Instructions for the task: Below are lines of data, and only some are wanted. Please repeat exactly those from the line that has "Vi har väntat" through the line that has "Benson Platte Schroevendraaier".

Data provided:
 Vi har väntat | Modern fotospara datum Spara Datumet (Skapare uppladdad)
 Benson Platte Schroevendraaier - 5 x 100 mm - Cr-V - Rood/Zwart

---

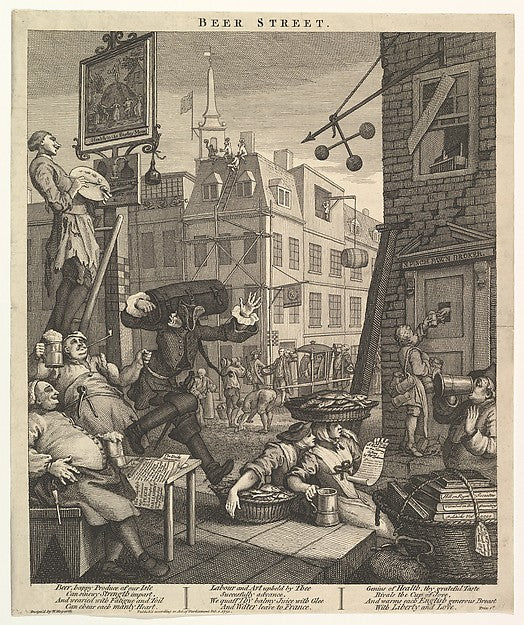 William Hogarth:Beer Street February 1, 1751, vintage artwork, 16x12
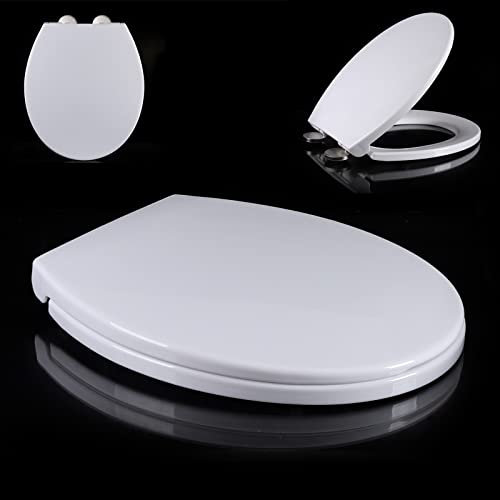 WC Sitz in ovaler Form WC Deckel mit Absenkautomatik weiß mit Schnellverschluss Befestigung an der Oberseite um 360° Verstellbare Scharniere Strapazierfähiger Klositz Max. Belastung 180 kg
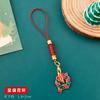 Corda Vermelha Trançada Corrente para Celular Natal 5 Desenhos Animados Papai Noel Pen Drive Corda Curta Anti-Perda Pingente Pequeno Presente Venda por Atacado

Task result:
 Vi har väntat | Modern fotospara datum Spara Datumet (Skapare uppladdad)
 Benson Platte Schroevendraaier - 5 x 100 mm - Cr-V - Rood/Zwart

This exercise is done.